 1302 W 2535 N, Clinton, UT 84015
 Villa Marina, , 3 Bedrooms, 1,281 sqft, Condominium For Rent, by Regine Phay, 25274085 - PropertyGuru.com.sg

|---|

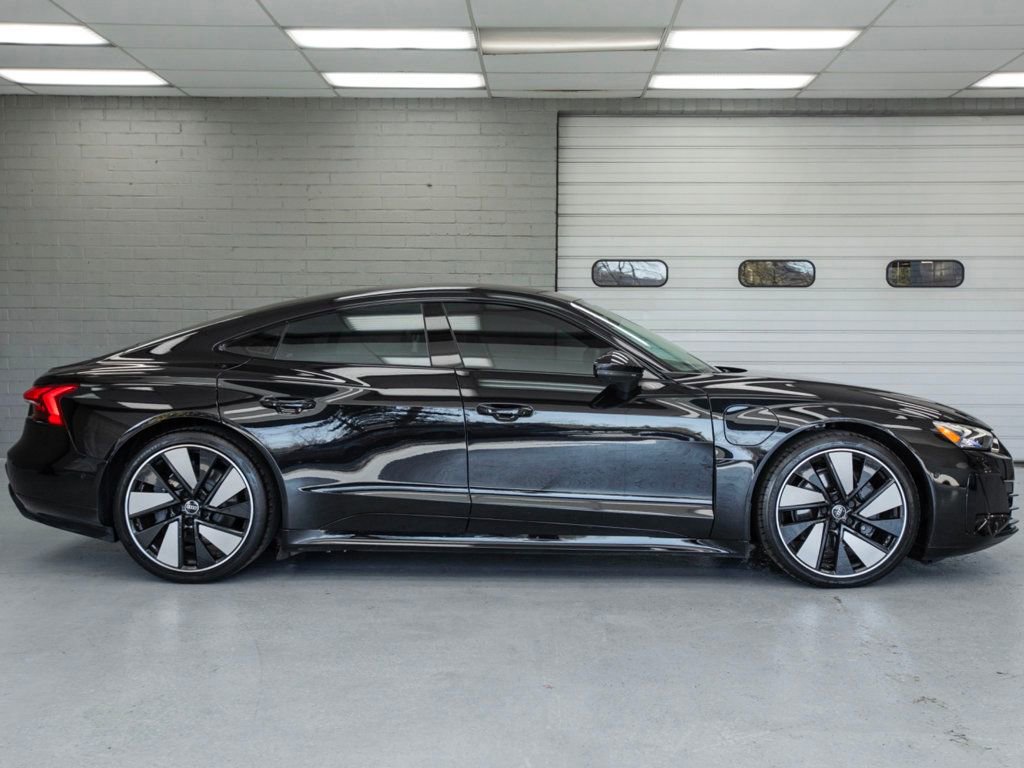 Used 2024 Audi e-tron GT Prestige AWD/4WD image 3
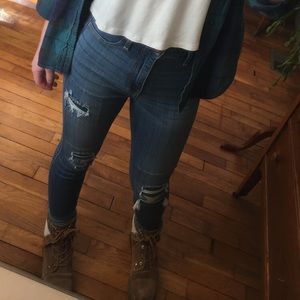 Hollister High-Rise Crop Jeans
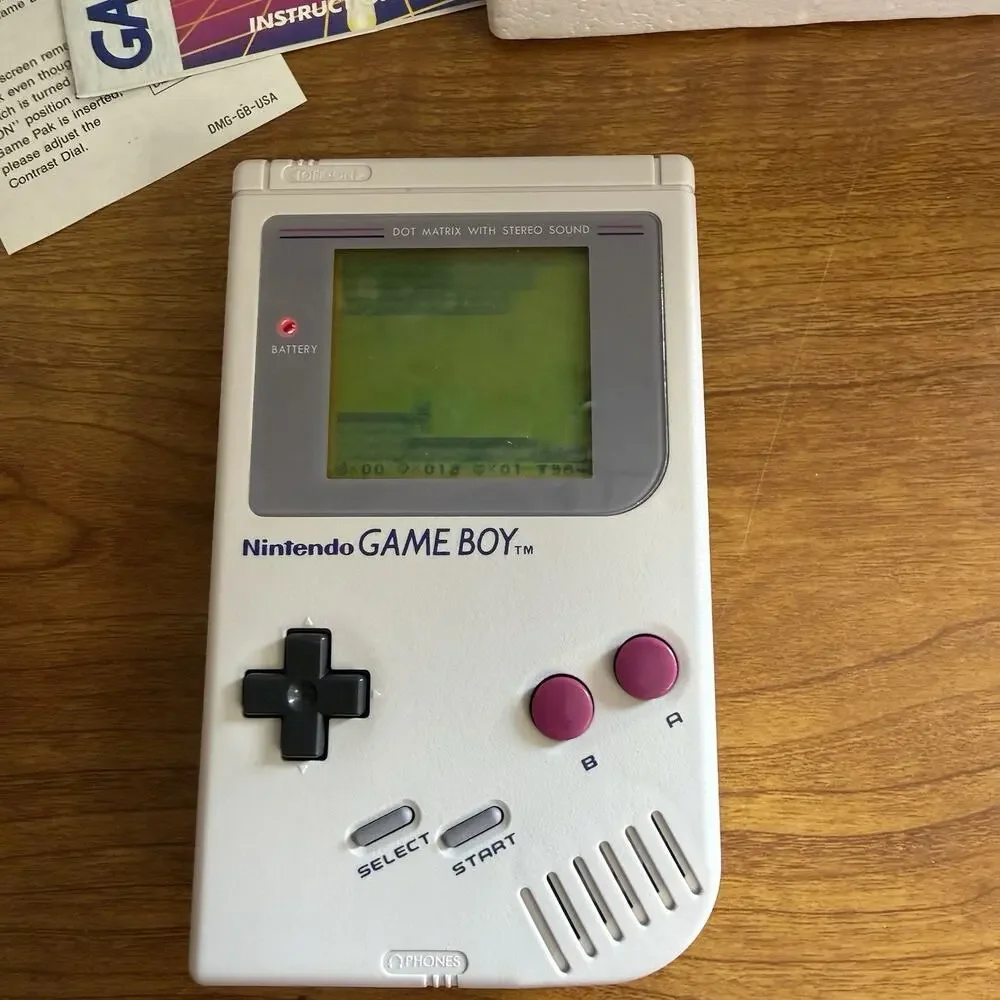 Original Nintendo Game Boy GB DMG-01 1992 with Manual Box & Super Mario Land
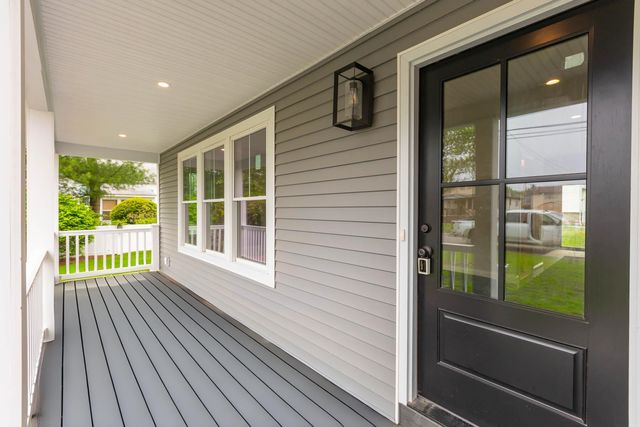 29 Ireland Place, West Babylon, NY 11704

|---|

TRY IT
Both end lines included, restate word for word the lines above from the line with "1302 W 2535 N, Clinton, UT 84015" to the line with "Villa Marina, , 3", and nothing else.

OUTPUT OF THE TASK
 1302 W 2535 N, Clinton, UT 84015
 Villa Marina, , 3 Bedrooms, 1,281 sqft, Condominium For Rent, by Regine Phay, 25274085 - PropertyGuru.com.sg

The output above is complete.